The efficacy and safety of subcutaneous clazakizumab in patients with moderate-to-severe rheumatoid arthritis and an inadequate response to methotrexate: results from a multinational, phase IIb, randomized, double-blind, placebo/active-controlled, dose-ranging study

Michael E Weinblatt, Philip Mease, Eduardo Mysler, Tsutomu Takeuchi, Edit Drescher, Alberto Berman, Jun Xing, Moshe Zilberstein, Subhashis Banerjee, Paul Emery
Arthritis & Rheumatology 2015, 67 (10): 2591-600

OBJECTIVE: Clazakizumab is a humanized monoclonal antibody that binds to the interleukin-6 (IL-6) cytokine. This study was undertaken to evaluate the efficacy and safety of clazakizumab in combination with methotrexate (MTX) or clazakizumab monotherapy versus MTX alone in patients with rheumatoid arthritis (RA) and an inadequate response to MTX.

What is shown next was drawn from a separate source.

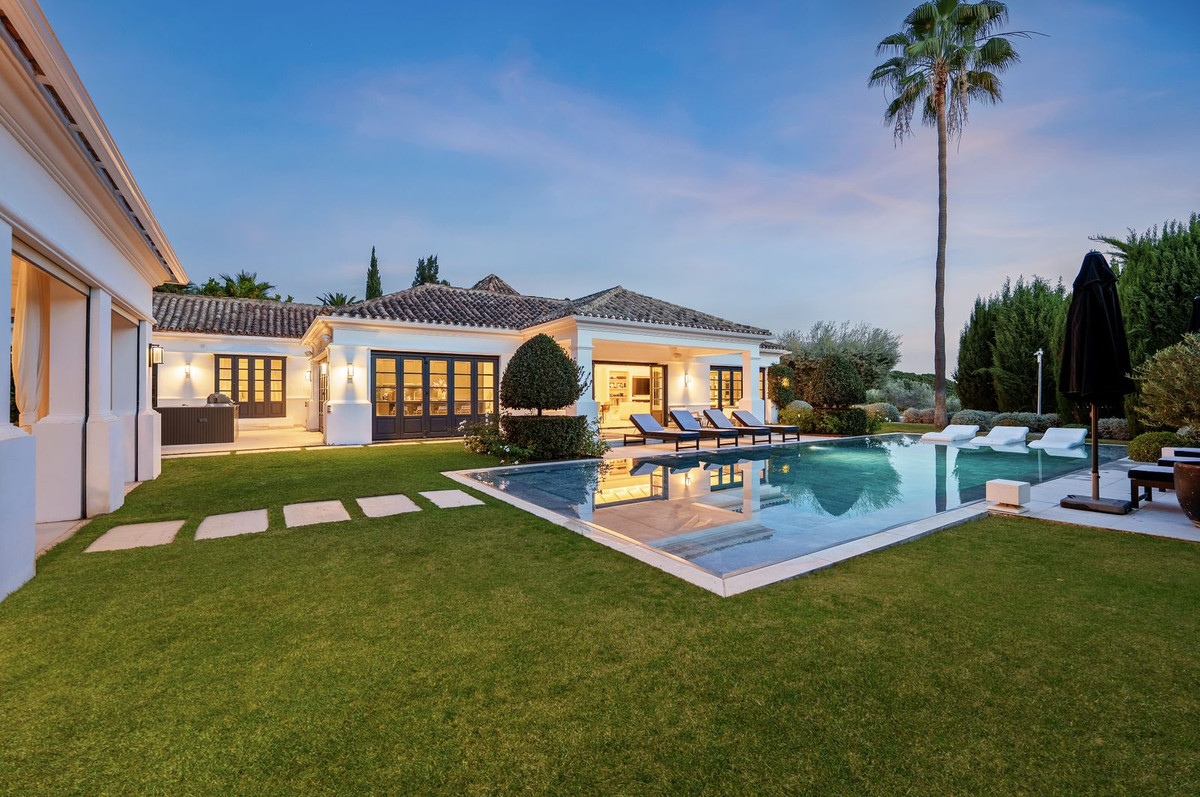 Te koop Vrijstaande Villa Costa Del Sol Nueva Andalucía € 11.950.000,-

METHODS: In this multinational, phase IIb, randomized, double-blind, placebo-controlled, dose-ranging study, patients were randomized to receive 1) once-monthly subcutaneous (SC) clazakizumab at 25, 100, or 200 mg plus MTX, 2) once-monthly SC clazakizumab at 100 mg or 200 mg as monotherapy, or 3) MTX plus placebo (i.e., MTX alone). Adalimumab (40 mg) plus MTX was included as an active reference. The primary end point was the American College of Rheumatology 20% (ACR20) improvement response rate at week 12. Secondary end points included ACR20, ACR50, and ACR70 response rates as well as protocol-defined remission rates and Health Assessment Questionnaire disability index scores at weeks 12 and 24.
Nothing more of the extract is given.